— What to work on —
Could you transcribe every entry below exactly, leaving out the pictures?

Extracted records
* * * *

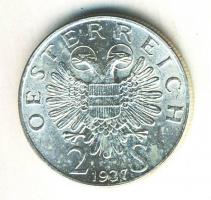 Ausztria 1937. 2Sch Ag "Karlskirche" T:2
Ausztria 1936. 2 Schilling Ag "Bicentennial ...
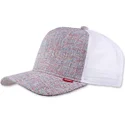 petten-gebogen-meerkleurig-snapback-jaspeada-colored-linen-van-djinns
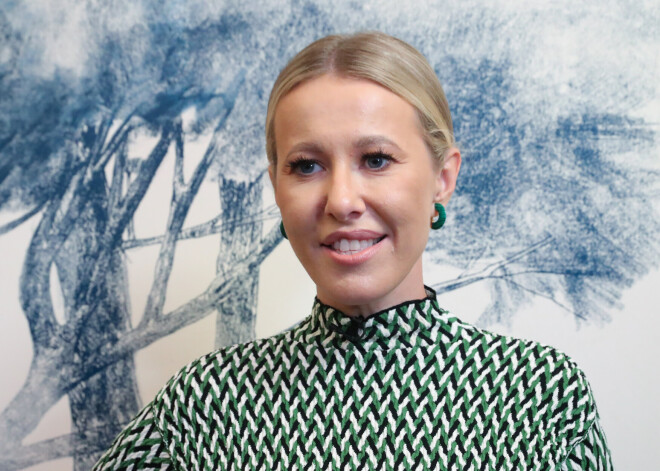 Ksenija Sobčaka iekļuvusi avārijā ar šausminošām sekām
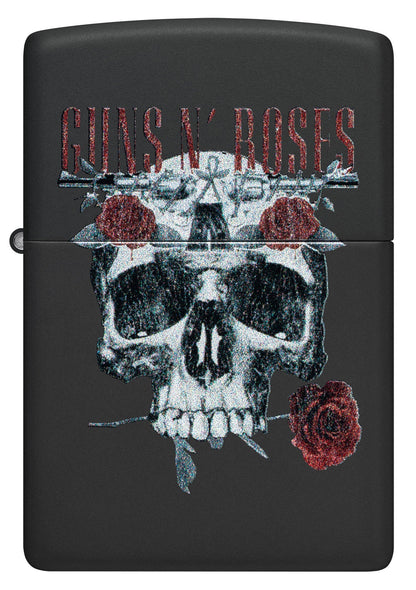 Guns N' Roses – Blumenschädel
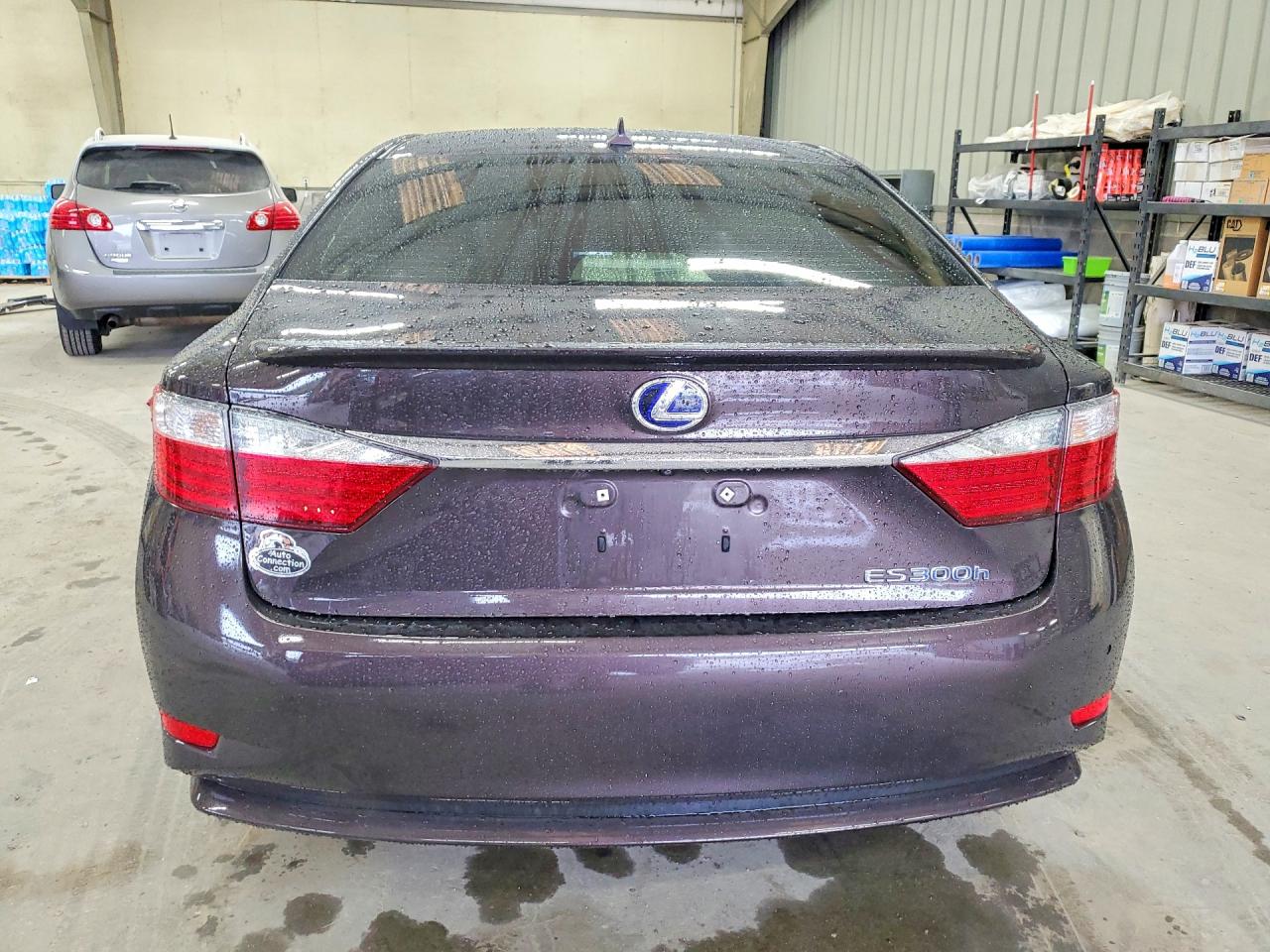 2013 Lexus Es 300h Purple vin: JTHBW1GG9D2037895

* * * *

— Final answer —
 Ausztria 1937. 2Sch Ag "Karlskirche" T:2
Ausztria 1936. 2 Schilling Ag "Bicentennial ...
 petten-gebogen-meerkleurig-snapback-jaspeada-colored-linen-van-djinns
 Ksenija Sobčaka iekļuvusi avārijā ar šausminošām sekām
 Guns N' Roses – Blumenschädel
 2013 Lexus Es 300h Purple vin: JTHBW1GG9D2037895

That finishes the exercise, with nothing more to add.